ピアノ調律師には、みえている。
「調律師さんって絶対音感があるんですよね??」
調律師なら一度は必ず言われたことがあるセリフだと思います。
それに対する調律師の答えは『調律には絶対音感は必要なくて、相対音感で合わせてるんです』
でもこれって実は絶妙にニュアンスが違っていて、そもそも調律って音感でやってるわけではないんです。
こんなイメージです
絶対音感
相対音感
調律するときの音の捉え方
耳だけで音が合わせられてすごい!と思われがちなんですが...実はズルいことに調律師には、基準の音と合わせる音の間に正確な定規が“視えて”(聴こえて)いるんです。
逆に言えば基準となる東京タワーがないとお手上げです。調律は必ず基準に次の音を合わせて、合わせた音を基準にして次の音を合わせて...の繰り返しです。

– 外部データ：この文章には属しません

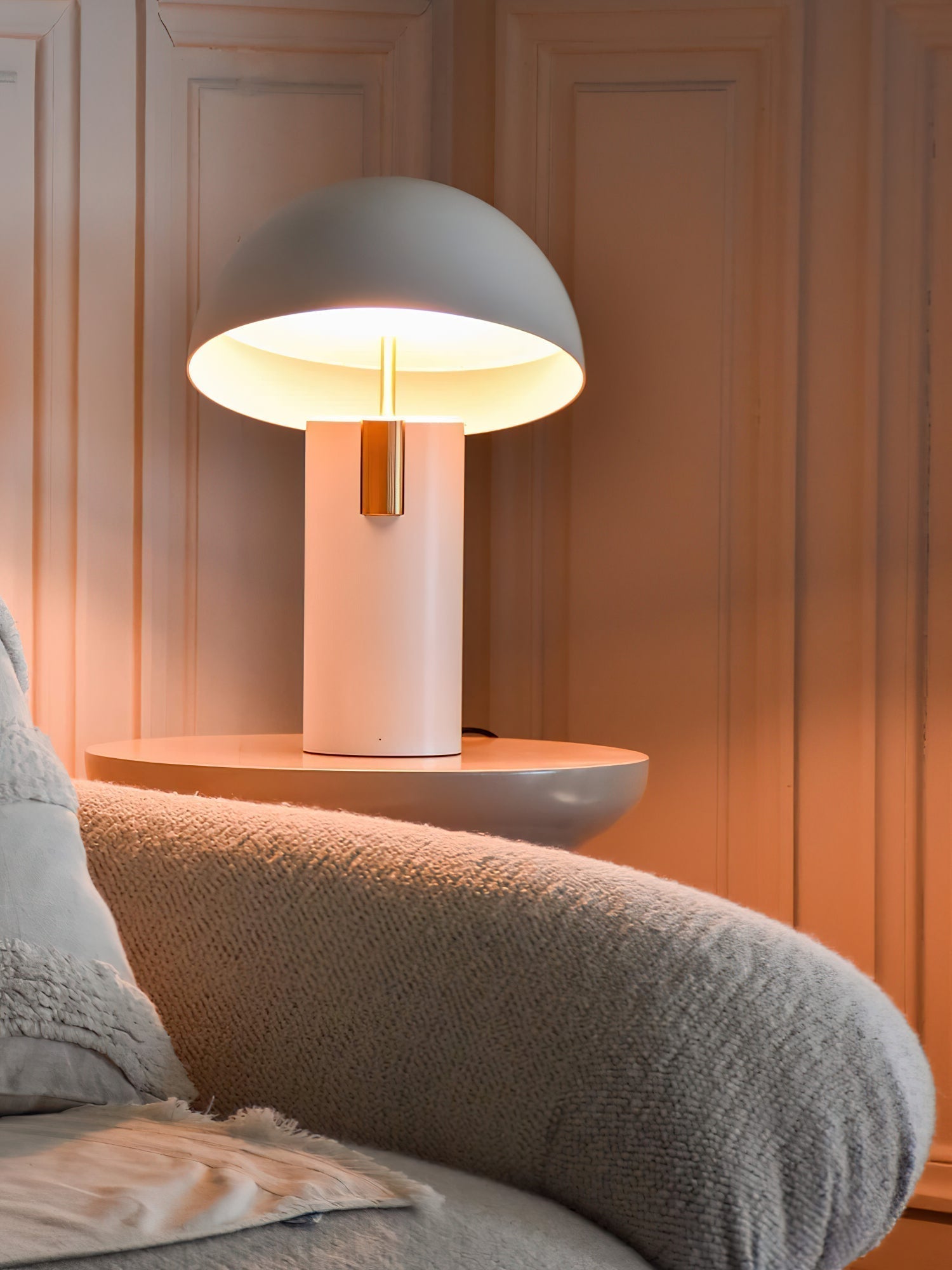 LumiCrest - Modern Table Lamp with Elegant Design (Mushroom Design)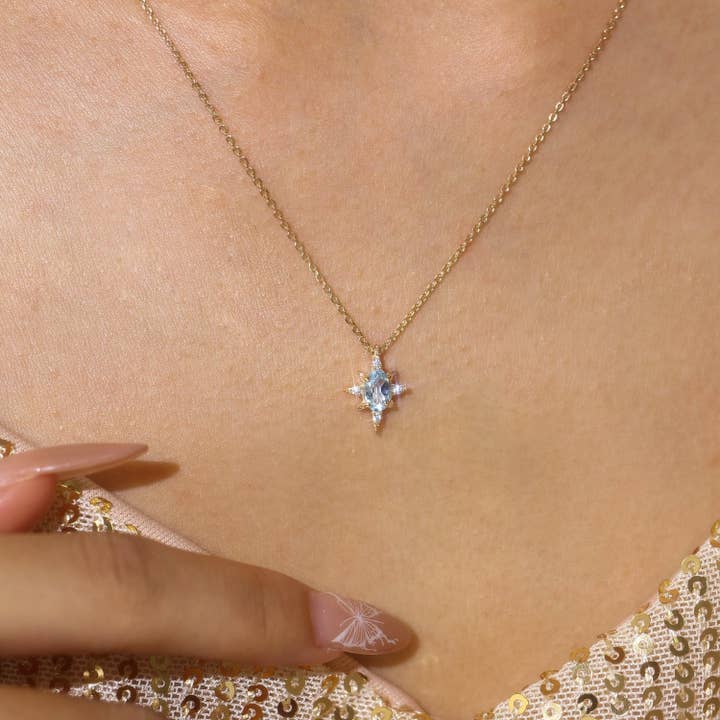 Azura Jewelry – Großhandel Kette mit Anhänger/Charm – Ozean Stern Himmelblau Topas Halskette (Gelbgold)
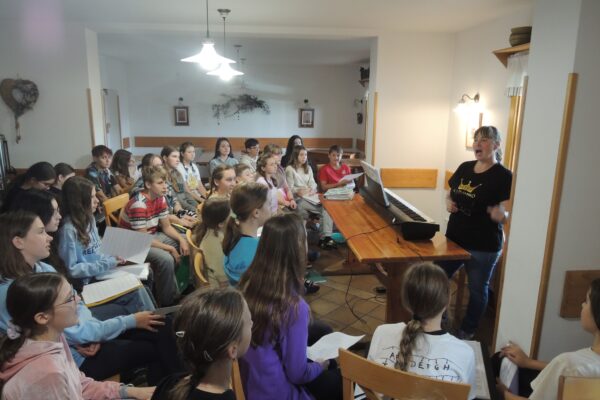 Pěvecké soustředění Rozmarýnku. - základní škola Žákovská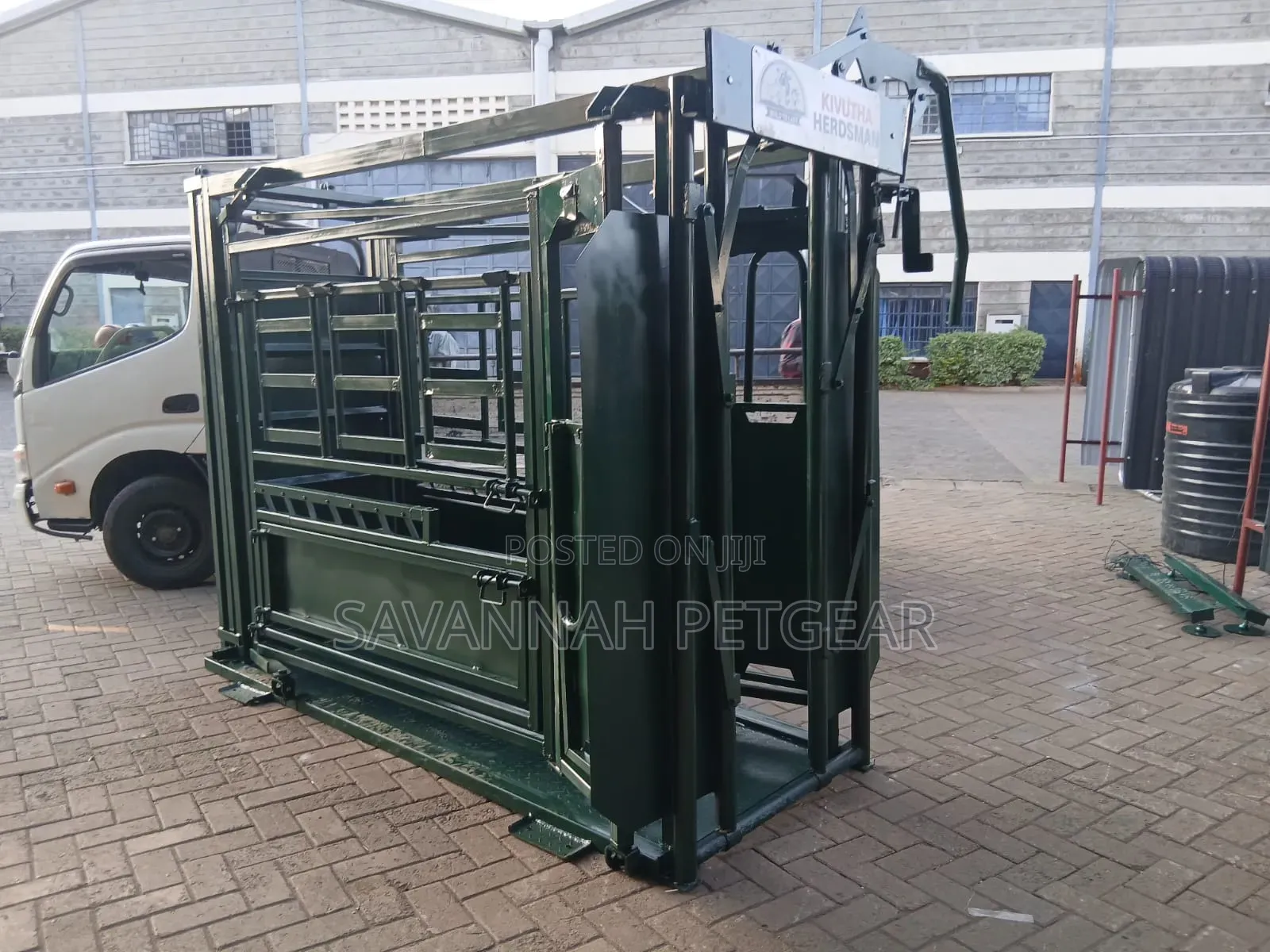 Heavy-Duty Cattle Squeeze Chute (Cattle Crush) to Restrain Livestock
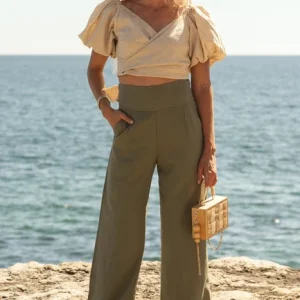 Calça pantalona em linho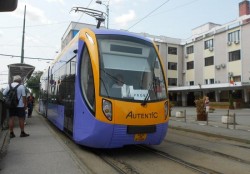 Timișorenii au împrumutat de la arădeni, tramvaiul....mov ! Tot e bine, că nu-i roșu !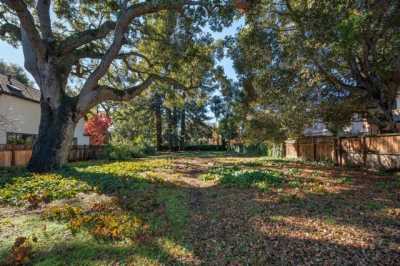 Residential Land For Sale in Palo Alto, California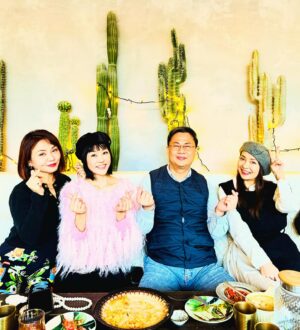Yi Ling Wang Instagram - 快不快樂和單不單身無關
我們都是有情人🥰

#藝鴒
#唐玲
#練昱廷
#李珞晴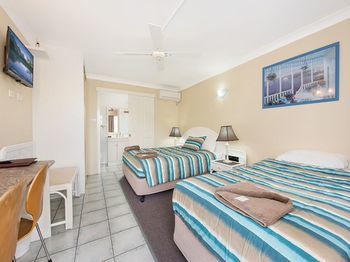 Caloundra City Centre Motel - Accommodation VIC 34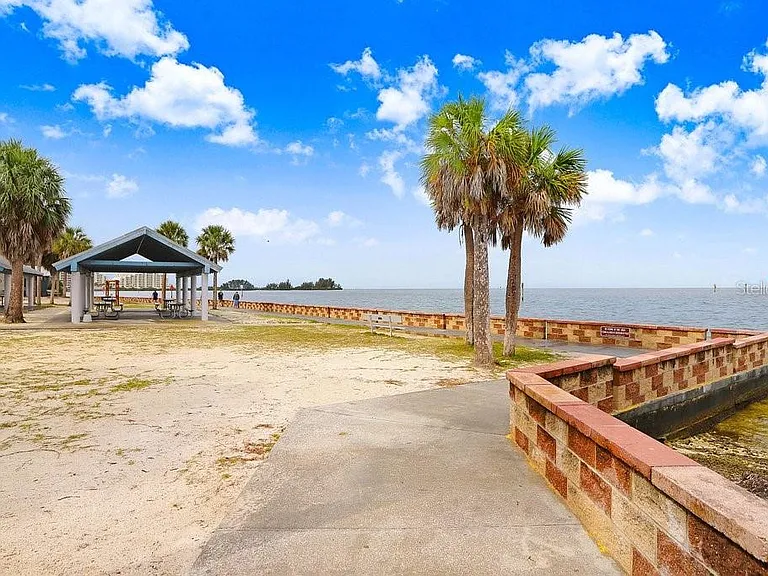 14610 Coral Dr — Photo 10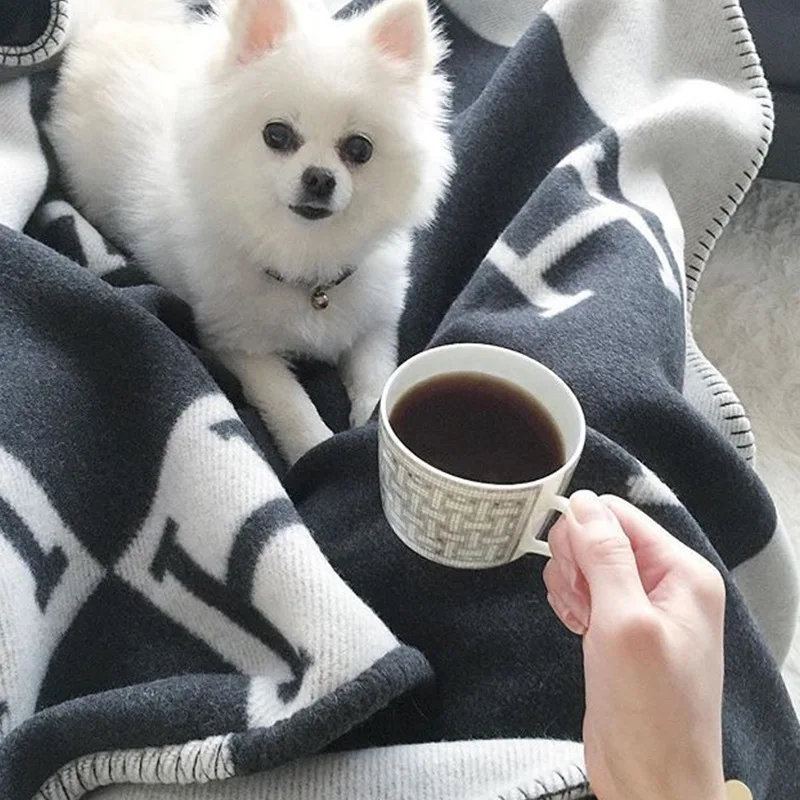 

Luxury Thick Coral Cover Warm Soft Blankets Wool Throw for Sofa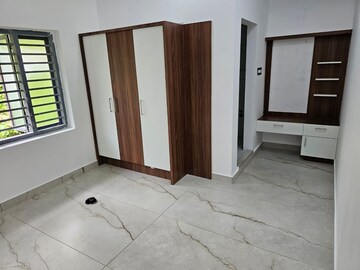 Room in 4 BHK Independent House at Kuttanellur – for Sale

この「音の距離を測るための定規」は訓練で視えるようになるので、生まれ持った特殊能力でもなければ耳の良さともほとんど関係がありません。
たぶん他の職業でも、そうじゃない人には視えない定規が視えているのかなと思います。美容師さんには切るべきラインが、料理人には味付けが。
見えるより視える
お客さんで全盲の方がいらっしゃるのですが、十数年ぶりの調律の後、半年後に伺うとピアノがピカピカになっていました。それこそプロが磨いたレベルの仕上がりです。
聞くと、手触りでキレイになっているかを確かめながらご自分で磨いたとのこと。その方は整体の仕事もされていて、「ああ、この人には視えているんだ」と。